[BlueOnyx:21468] Re: Bizarre 5209R loses network config

Chris Gebhardt - VIRTBIZ Internet cobaltfacts at virtbiz.com
Tue Oct 3 16:46:21 -05 2017


Hi Michael,

On 10/3/2017 4:01 PM, Michael Stauber wrote:
> Hi Chris,
> 
>> /etc/udev/rules.d/70-persistent-net.rules had two distinct MAC entries
>> listed for eth0.   Two entries, just as you might expect when there are
>> 2 interfaces (typically eth0 and eth1) but both were eth0.
> 
> This is pretty weird indeed. Just to clarify: The reported MAC addresses
> for eth0 were the same or were they different? If they were different,
> that would make it even weirder as the MAC address of an interface isn't
> supposed to change.

The MAC addresses were different.  One of them wasn't even a MAC on the 
system.  I show that 5209R was installed on this system over a year ago, 
and the hardware hasn't changed.  So yeah - very weird.

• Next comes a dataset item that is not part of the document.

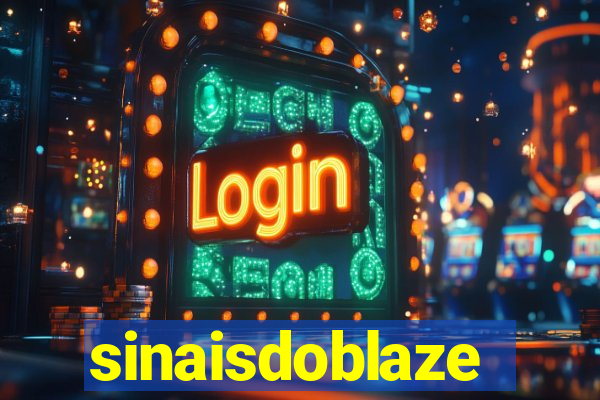 sinaisdoblaze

>> the net.ifnames=0 variable.   It was missing.
> 
> All the 5209R ISOs do set the net.ifnames=0 during post install and
> during kernel upgrades these options are usually retained. I'm at a loss
> why this would go walkies on its own. :-/

I agree.  Troubling.  Puzzling.

> The likelihood of this to happen again is pretty small.

Which is good news.

> Fact of the matter is: Apache is a bitch to restart or reload
> non-interactively.

Recently, Apache has just plain been a bitch.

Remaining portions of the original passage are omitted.